*Records provided*.

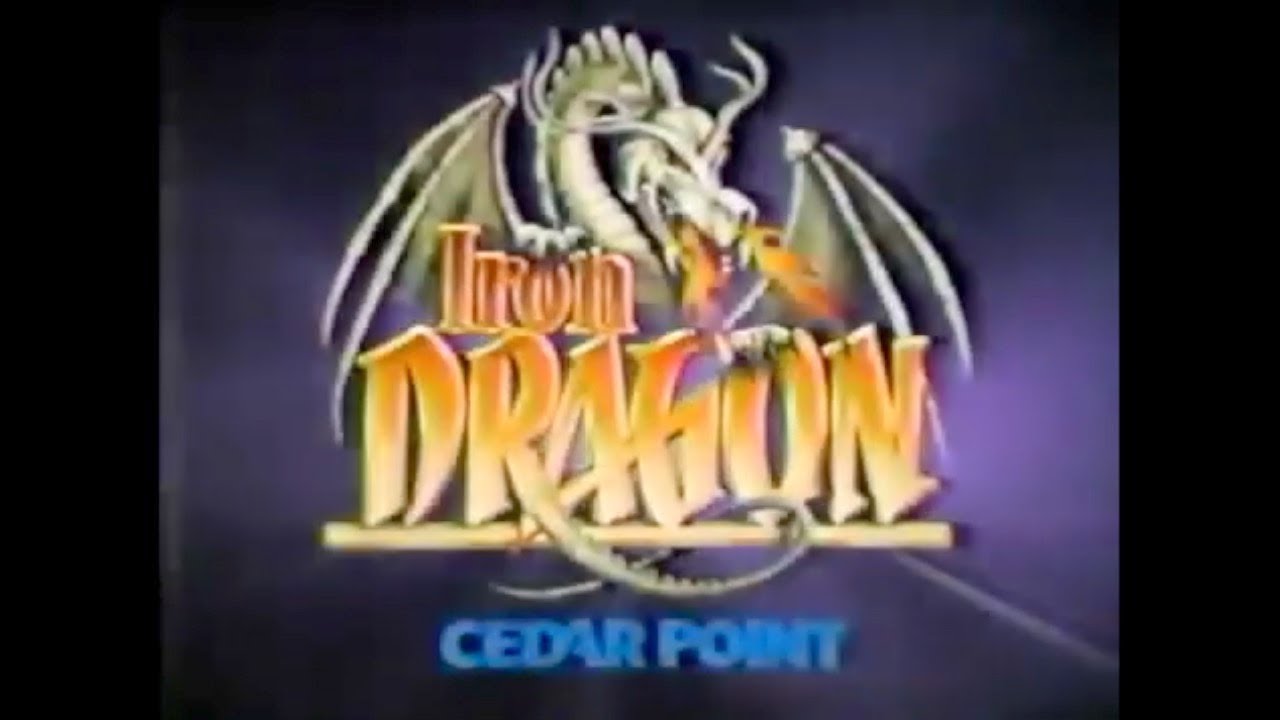 Iron Dragon Cedar Point Amusement Park Television Commercial (1987) YouTube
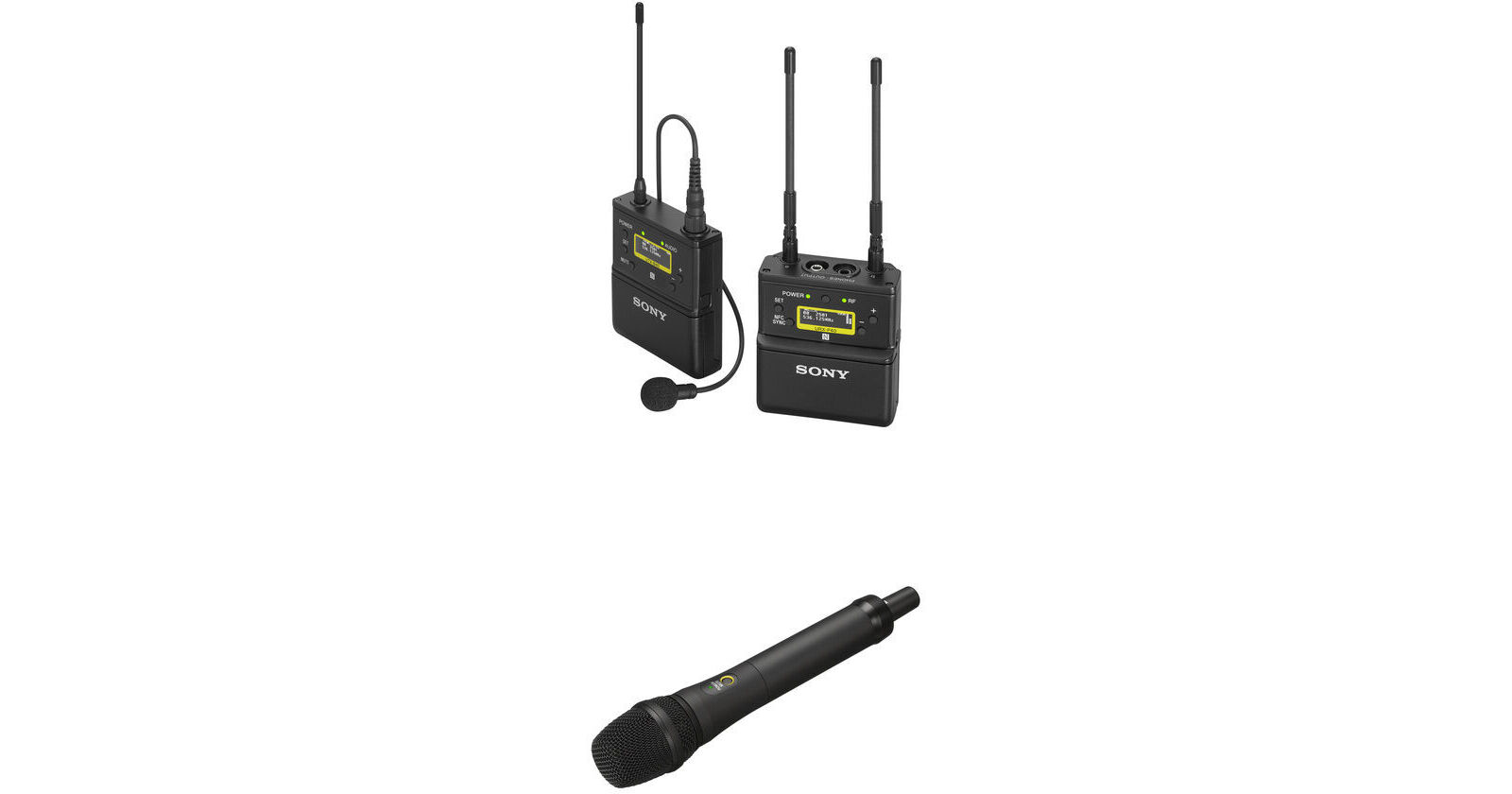 Sony UWP-D21 Camera-Mount Wireless Handheld Combo Microphone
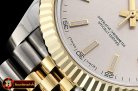 Rolex Datejust DJ2 41mm Jub Flt Wrap YG/SS Grey Stick BP Asia 2836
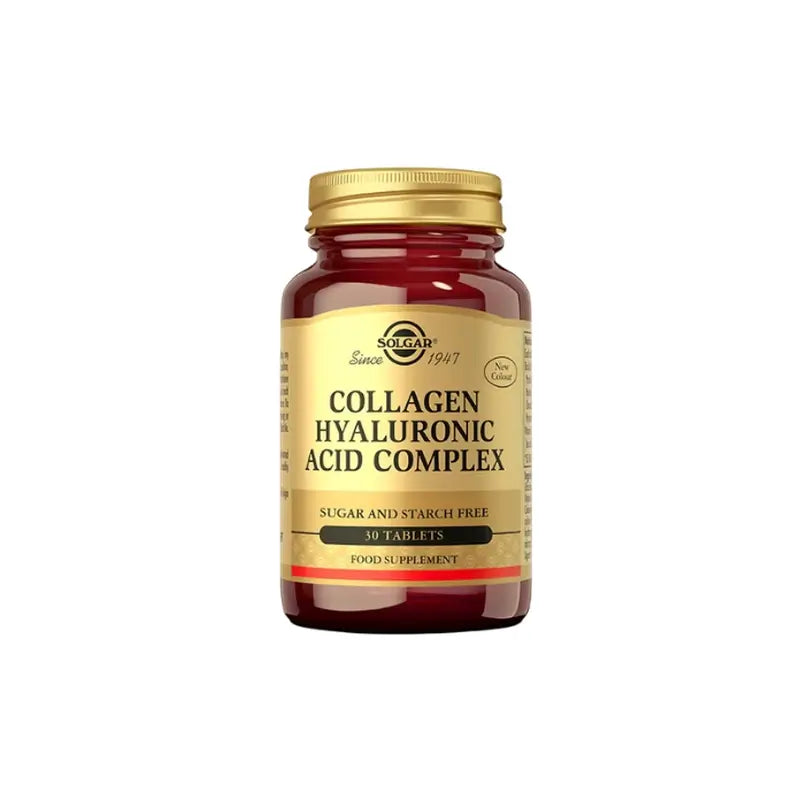 Solgar Hyaluronsäure-Komplex mit Kollagen, 3X30 Tabletten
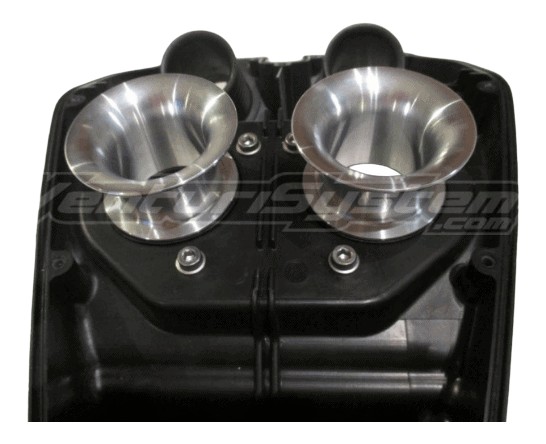 KIT CORNETS D'ADMISSION RACING KAWASAKI ER6 2006›2015 (VS33)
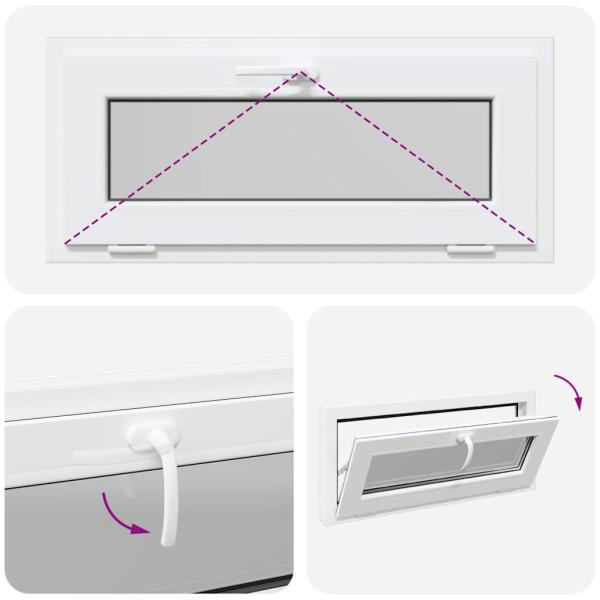 Kellerfenster RISOR 90x40 cm Kipp 3-fach Verglasung Weiß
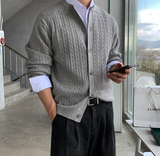  all-day round neck knit cardigan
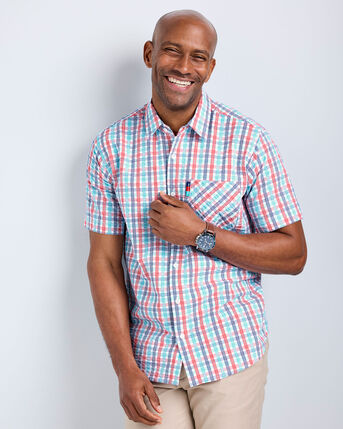 Help For Heroes Short Sleeve Seersucker Check Shirt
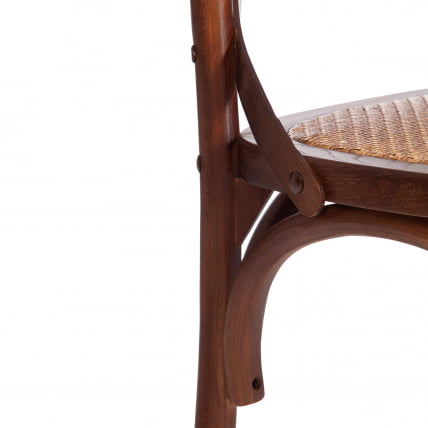 Стул CРОСС (мод.CБ2001) дерево береза, 49.5*53.5*87, Темный Орех (№5) / CROSS (mod.CB2001)_8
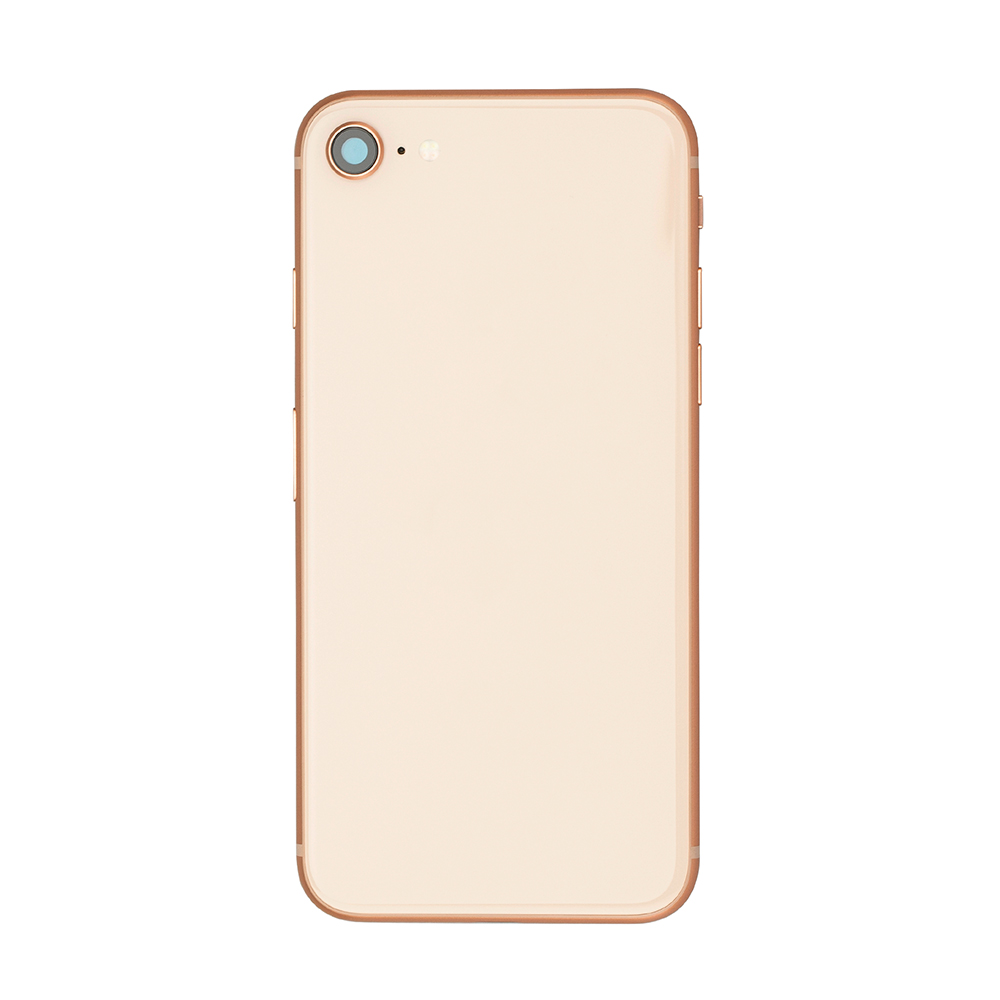 For iPhone 8 Back Housing Incl All Small Parts Without Battery And Back Camera Gold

*Goal of the exercise*. Can you quote exactly, and only, the lines from the one containing "Solgar Hyaluronsäure-Komplex mit" through the last line of the records above, keeping both ends and leaving out any pictures?

*Result of this exercise*.
 Solgar Hyaluronsäure-Komplex mit Kollagen, 3X30 Tabletten
 KIT CORNETS D'ADMISSION RACING KAWASAKI ER6 2006›2015 (VS33)
 Kellerfenster RISOR 90x40 cm Kipp 3-fach Verglasung Weiß
  all-day round neck knit cardigan
 Help For Heroes Short Sleeve Seersucker Check Shirt
 Стул CРОСС (мод.CБ2001) дерево береза, 49.5*53.5*87, Темный Орех (№5) / CROSS (mod.CB2001)_8
 For iPhone 8 Back Housing Incl All Small Parts Without Battery And Back Camera Gold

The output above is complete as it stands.